Observei o símbolo principal do império Tawantinsuyo esculpido em relevo no Templo Principal e pela metade, feito em pedras escalonadas que saem da terra, na entrada do Templo das Três Janelas. Este símbolo está espalhado por todo o Peru, desde as joias de prata aos encostos de cadeiras de restaurantes. É uma representação das quatro regiões que formavam o Estado inca (Kontisuyo, Chinchaysuyo, Qollasuyo e Antisuyo), mas os missionários espalharam que se tratava de uma Cruz Andina e o nome pegou.

Na Pedra do Sol, que tem várias denominações (Intiwatana, Relógio Solar, Observatório Astronômico e Pedra de Energia), ao colocar a mão aberta para sentir a vibração que ela emana, percebi que havia um cantinho quebrado. Depois, li no livro “Machupicchu em La historia de los inkas” (Cusco, 2007), do escritor inca Cosme Gutiérrez, que o vértice superior da Pedra do Sol foi quebrado no ano 2000 por uma grua, durante a filmagem de um comercial de cerveja. O curioso é que esta fatalidade desencadeou uma indignação popular, que se somou aos escândalos do então governo de Alberto Fujimori, que logo em seguida foi cassado. Fujimori estava completando dez anos de descasos administrativos, com golpes de estado e privatização de tudo quando deu para privatizar. O famigerado queria, inclusive, privatizar Machu Picchu. Felizmente está preso.
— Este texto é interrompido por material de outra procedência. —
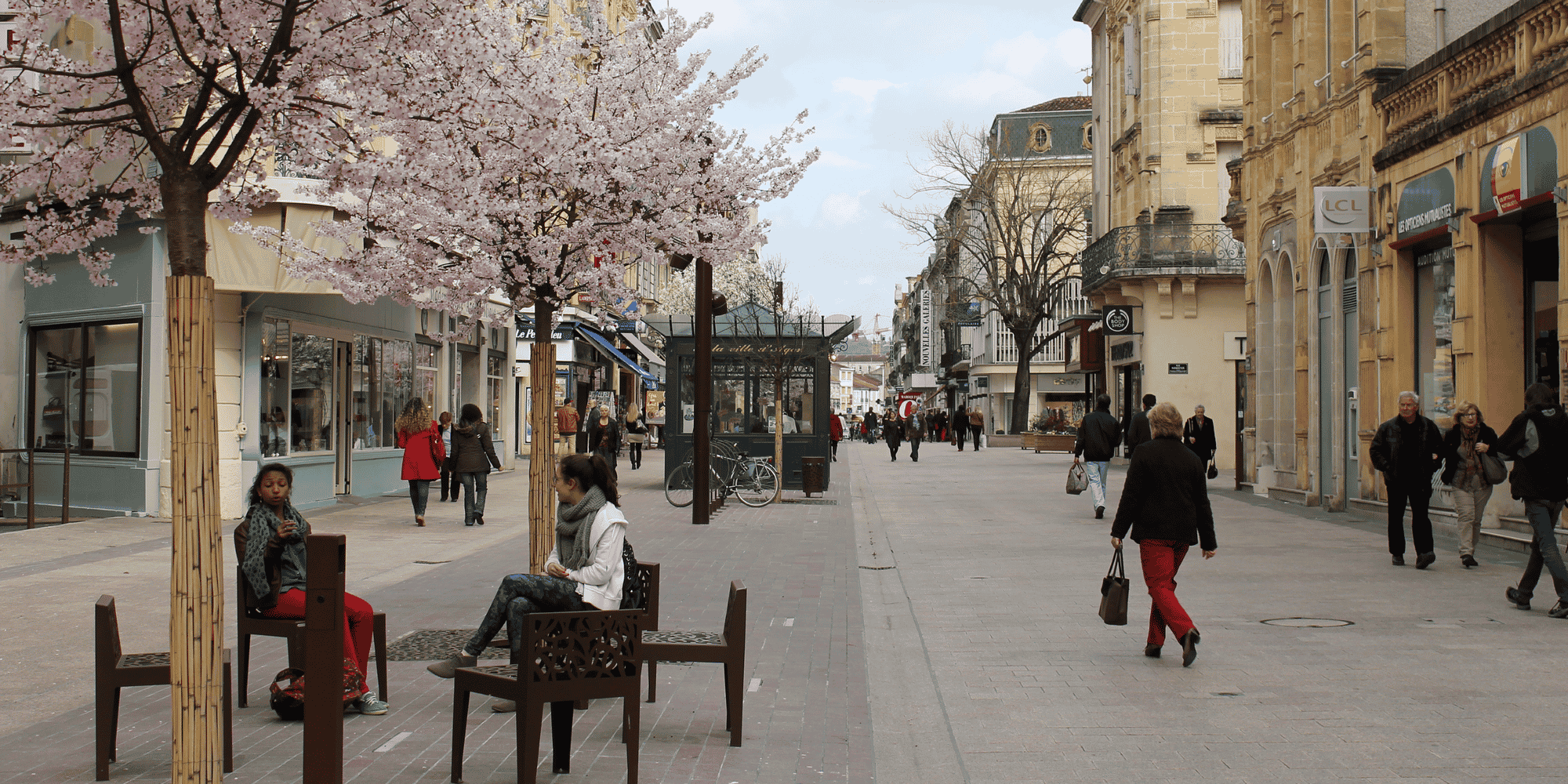 Boulevard République à Agen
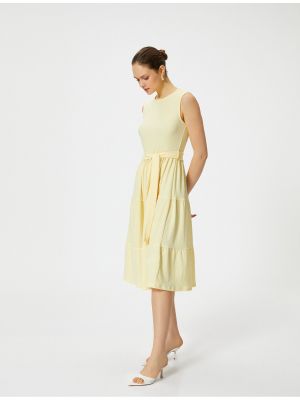 Сукня міді без рукавів з круглим вирізом Koton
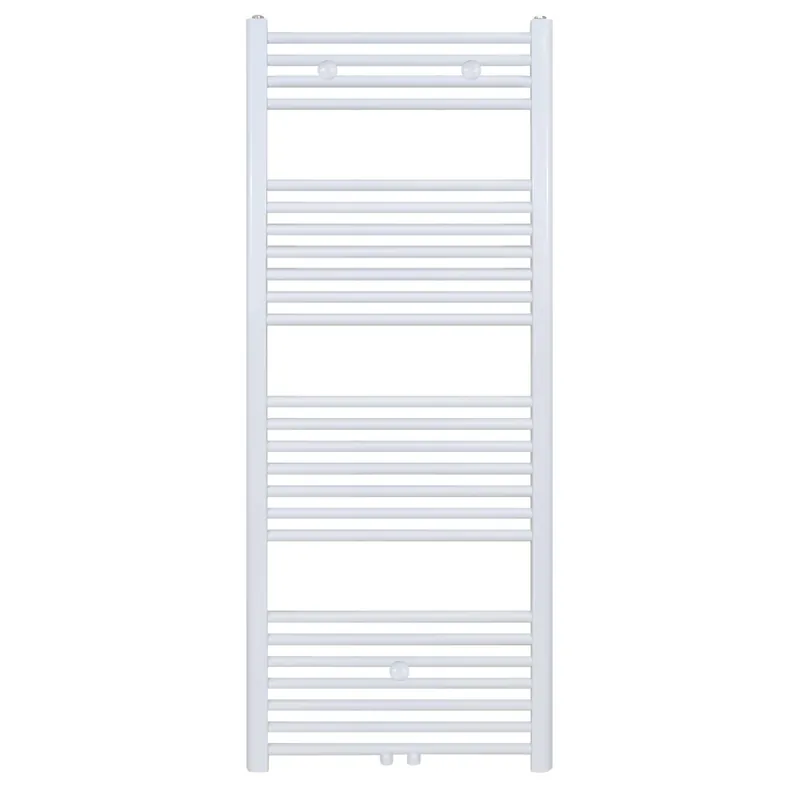 Belrad Handdoekradiator - Midden Aansluiting - 556W - 140x40cm - Wit Weekendaanbieding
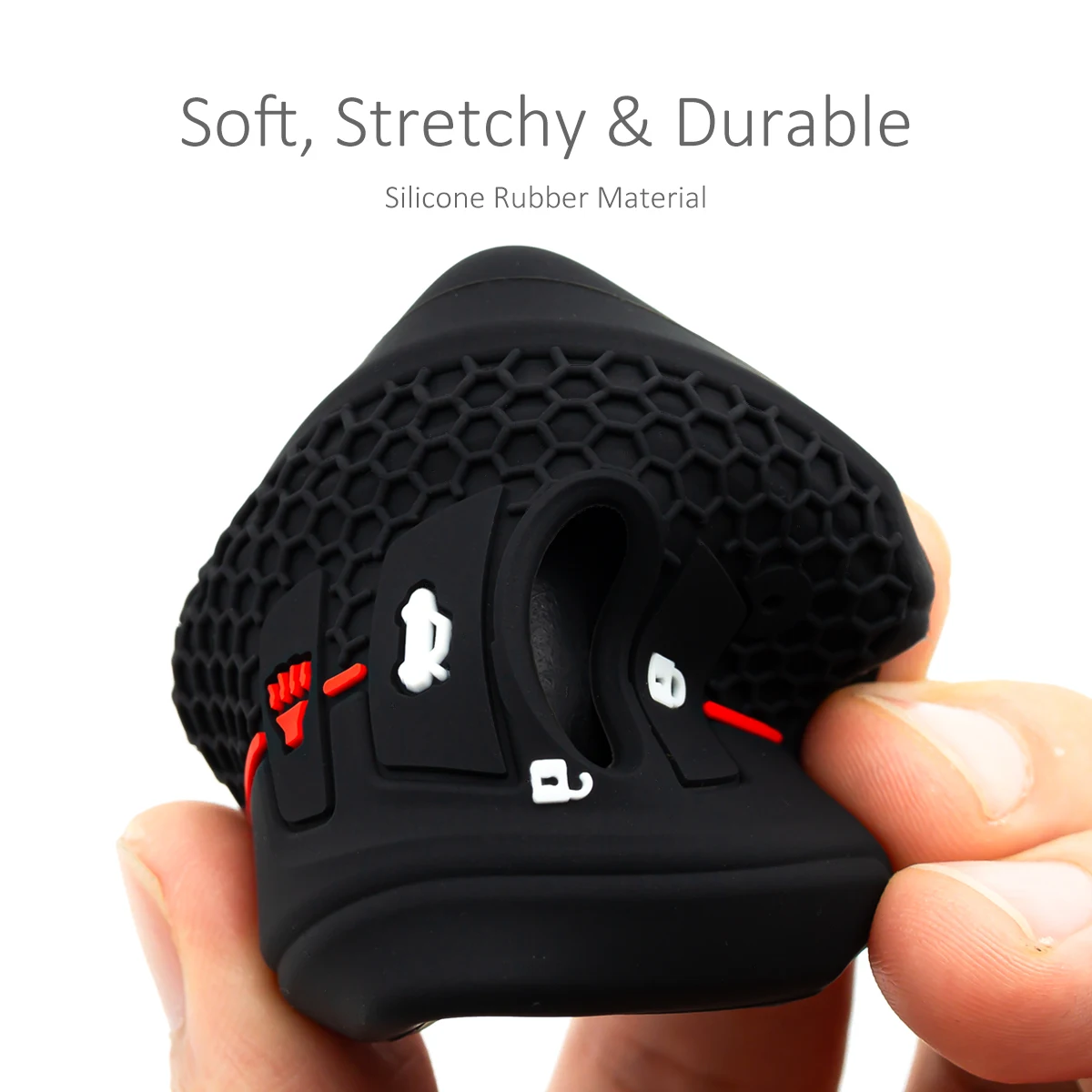 2x Silicone Car Key Fob Cover Case Holder Keychain For Subaru Forester Impreza Crosstrek Outback XV Ascent Legacy BRZ WRX GR86 view 6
Descaso por descaso, Gutiérrez denuncia em seu livro que os objetos arqueológicos encontrados pelo explorador estadunidense Hiram Bingham nas expedições de 1911, 1912 e 1915 foram levados para os Estados Unidos, na qualidade de empréstimo para “estudos científicos” na Universidade de Yale e nunca foram devolvidos. Destino fatídico foi reservado também às coleções correspondentes à história natural, que foram recolhidas nas mesmas expedições e ainda hoje estão no Instituto Smithsonian de Washington. Em 1978, no governo do general Francisco Morales Bermúdez, o obelisco de pedra da praça principal de Machu Picchu foi arrancado para que os reis da Espanha visitassem o local de helicóptero. Na movimentação o monólito se partiu e ficou por isso mesmo.

Esse histórico de maus-tratos ao que a cultura inca tem de mais sagrado, como Machu Picchu, tem alimentado pelas terras andinas a ideia de que um dia o Inca vai voltar. Não como um retorno ao passado, mas como algo que seja capaz de recuperar o equilíbrio da cultura com a natureza e que possa fazer valer os princípios incaicos. Ser franco (ama llulla), ser honrado (ama suwa) e ser trabalhador (ama qella) está na base do ideário perdido com a desaparição do Estado Tawantinsuyo. O próprio Cosme Gutiérrez explicita sua expectativa de que a ignorância será vencida, a pobreza superada e a corrupção varrida, para que as populações andinas retomem o verdadeiro sentido de suas vidas, dentro do mais estrito respeito à natureza e ao criador (Wiraqocha).

A palavra Inca quer dizer governante, guia, modelo. O inca era a pessoa que alcançava a sabedoria, que tinha a espiritualidade elevada, um corpo fisicamente forte e que era capaz de falar com Deus.